Если суммировать намеченные нами фрагментарные наблюдения, можно сказать: мир есть объективный дух, он выступает для нас в «духовной» структуре, то есть представлен нашему духу так, что его можно обдумать и понять. Отсюда может быть сделан следующий шаг. Слова «Credo in Deum — Верую в Бога» выражают убежденность в том, что объективный дух есть результат субъективного духа и может существовать вообще только как его видоизменение или, иначе говоря, интеллигибельность бытия (которую мы обнаруживаем в качестве внутренней структуры мира) невозможна без мышления.

Думается, будет полезным пояснить и вместе с тем подкрепить это высказывание, включив его в контекст (набросанный опять-таки лишь в общих чертах) самокритики исторического разума. По прошествии двух с половиной тысяч лет философского мышления уже невозможно говорить о самом предмете с наивной прямолинейностью, как если бы никто до нас не предпринимал подобных попыток и не терпел при этом неудач. И когда история показывает нам поприще, усеянное обломками гипотез, впустую потраченного остроумия и выхолостившейся логики — мы едва ли не вовсе утрачиваем мужество найти нечто от сокровенной истины, превышающей горизонт непосредственно очевидного. Но безысходность эта не столь бесконечна, как кажется на первый взгляд. Несмотря на великое множество противоречащих друг другу философских путей, в конечном счете имеется всего несколько принципиальных возможностей выяснить тайну бытия. И вопрос, на котором все сходится, можно сформулировать так: что представляет собой конечный субстрат бытия во множестве единичных вещей и что такое то единое бытие, которое стоит за множеством сущих вещей, поскольку все они «суть»? Многочисленные ответы, порожденные историей, можно свести к двум основным возможностям. Первая, ближайшая, будет звучать примерно так: все, что мы встречаем, в своем предельном составе есть материя: она есть то единственное, что в качестве доказуемой реальности пребывает всегда и во всем и представляет собой подлинное бытие сущего. Другая, противоположная возможность гласит: кто исследует материю до конца, найдет, что она есть мысленное бытие, объективированная мысль. Материя не может быть чем-то последним. Материи предшествует мысль, идея; в конечном счете, все бытие есть разумное бытие и может быть сведено к духу как изначальной реальности. Итак, одна возможность представляет собой материалистический путь, другая — путь «идеалистический».

Чтобы вынести суждение, необходимо уточнить, что такое материя и что такое дух. Предельно сокращая, мы могли бы сказать: материей мы называем бытие, которое само не понимает бытия, которое, хотя «есть», однако не понимает само себя. Таким образом, редукция всего бытия к материи как первичной форме реальности утверждает, что начало и основа всего бытия образует такую форму бытия, в которой оно само не является бытием, понимающим себя. Это означает, что понимание бытия формируется лишь в процессе развития как его вторичный и случайный продукт. Тем самым получена также и дефиниция «духа», — его можно описать как само себя понимающее бытие. В соответствии с этим, идеалистическое решение проблематики бытия выражается в представлении, что все бытие есть сущие мысли одного единственного сознания. Единство бытия заключено в самоотождественности сознания, моментами которого является множество сущих.
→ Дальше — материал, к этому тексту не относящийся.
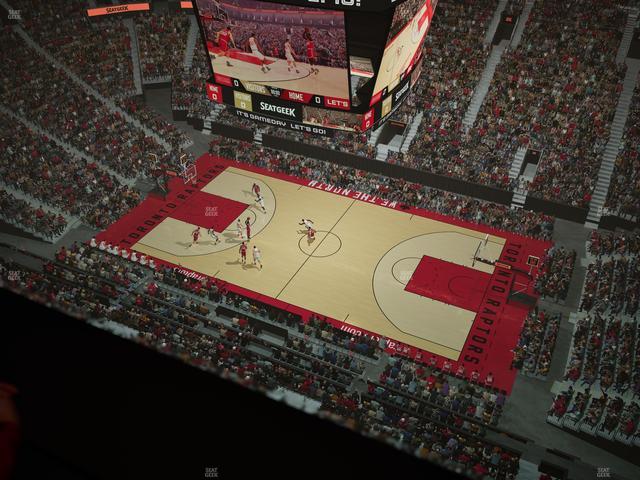 Scotiabank Arena - Section Gondola Box 2 Seat View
Христианская вера не совпадает впрямую ни с тем, ни с другим решением. Материя сама отсылает за свои пределы, к мышлению как предшествующему и более изначальному. Но в отличие от идеализма, который превращает все бытие в моменты объемлющего сознания, христианская вера возвещает: бытие есть мысленное бытие — но не так, что оно остается лишь мыслью, а его самостоятельность оказывается всего лишь видимостью. Христианская вера в Бога означает скорее следующее: вещи суть сущие мысли единого Творческого Сознания, исходят из творческой свободы и это Творческое Сознание, которое содержит все вещи, отпустило мыслимое им на свободу собственного, самостоятельного бытия. Тем самым она превосходит всякий голый идеализм. В то время, как идеализм считает действительность содержанием одного единственного сознания, для христианского воззрения ведущим является творческая свобода, которая полагает помысленное в свободе его собственного бытия, так что оно есть замысел некоего сознания — с одной стороны, истиное самобытие — с другой.
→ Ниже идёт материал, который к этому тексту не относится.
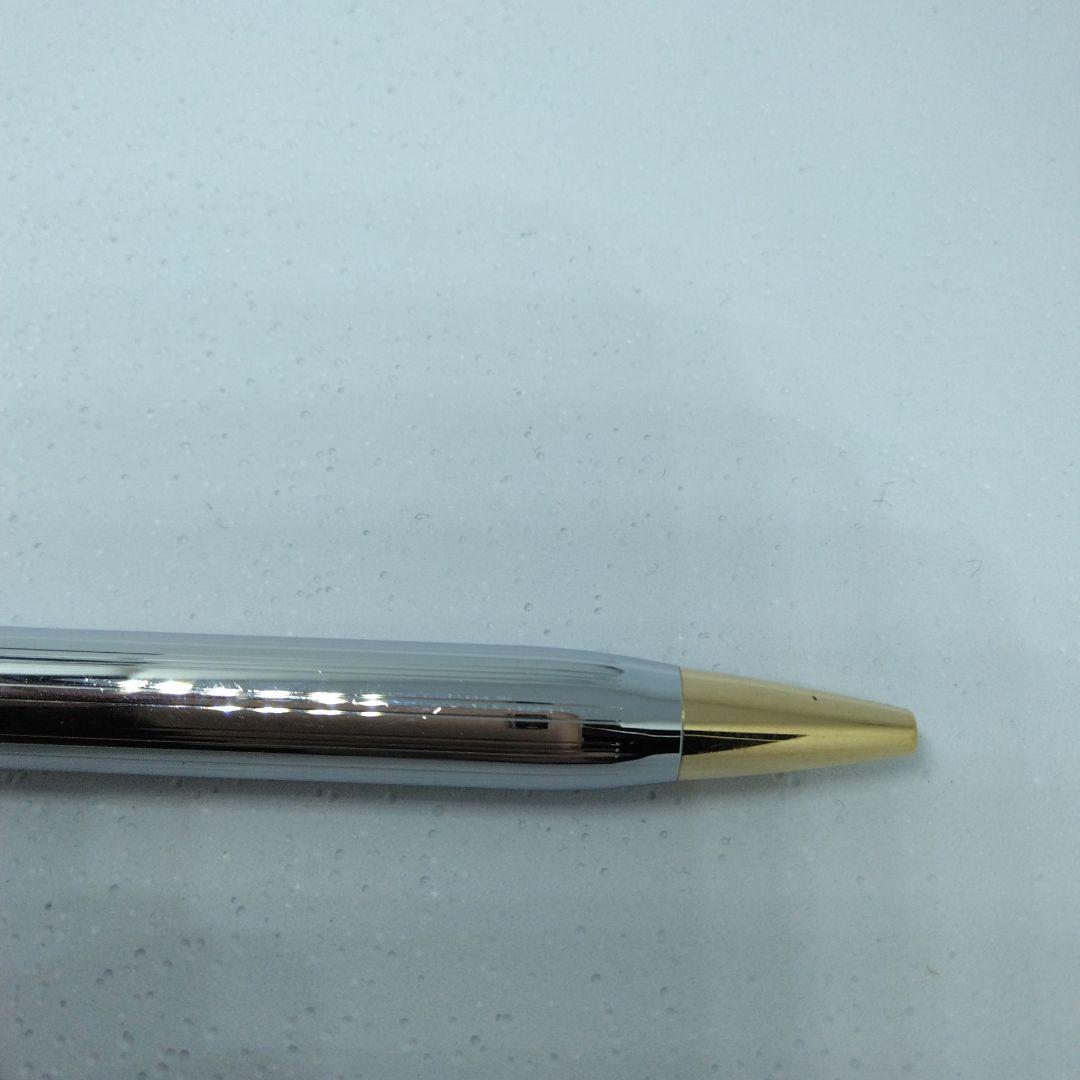 CROSS Townsends Medalist ballpoint pen in silver with dedicated case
Тем самым является и сущность понятия творения. Модель, в согласии с которой следует понимать творение — это не ремесленник, а творческий дух, творческое мышление. В то же время обнаруживается, что идея свободы есть характерная особенность христианской веры, отличающая ее от любого вида монизма. В начало всего бытия она ставит не какое-нибудь сознание, а творческую свободу, которая снова создает свободы. Поэтому христианскую веру можно в высшей степени точно охарактеризовать как философию свободы. Ни всеобъемлющее сознание, ни единственная материальность не составляют для нее объяснения реальности в целом. Во главе всего стоит свобода, которая мыслит и создает мыслящие и свободные существа. Свобода, которая становится структуру образующей формой всего бытия.

2. Личный Бог

Если христианская вера в Бога утверждает примат логоса, веры в реальность творческого смысла, предшествующего миру и охватывающего его, то, будучи верой в личностность этого смысла, она есть также вера в то, что та изначальная мысль, которая содержит в себе замысел мира — не анонимное нейтральное сознание, но свобода, творческая любовь, личность. Если христианское утверждение логоса означает утверждение личностного характера творческого смысла, то тем самым оно есть утверждение примата особенного над всеобщим. Наивысшее — не всеобщее, а именно особенное. Таким образом, христианская вера является утверждением человека как нередуцируемого и соотносимого с бесконечностью существа. Тем самым она утверждает примат свободы в противоположность примату необходимости природно-космической закономерности. Отсюда со всей ясностью выступает то специфическое, что отличает христианскую веру от любых других форм решения, присущих человеческому духу. Позиция, которую занимает человек, принимая христианскую веру, становится безукоризненно ясной.

При этом следует напомнить, что первое утверждение — примат логоса в противоположность голой материи — взятое само по себе остается простым идеализмом. Лишь прибавление второго и третьего утверждений — примат особенного и примат свободы — обнаруживает водораздел, лежащий между идеализмом и христианской верой, которая, безусловно, представляет собой нечто иное, нежели простой идеализм.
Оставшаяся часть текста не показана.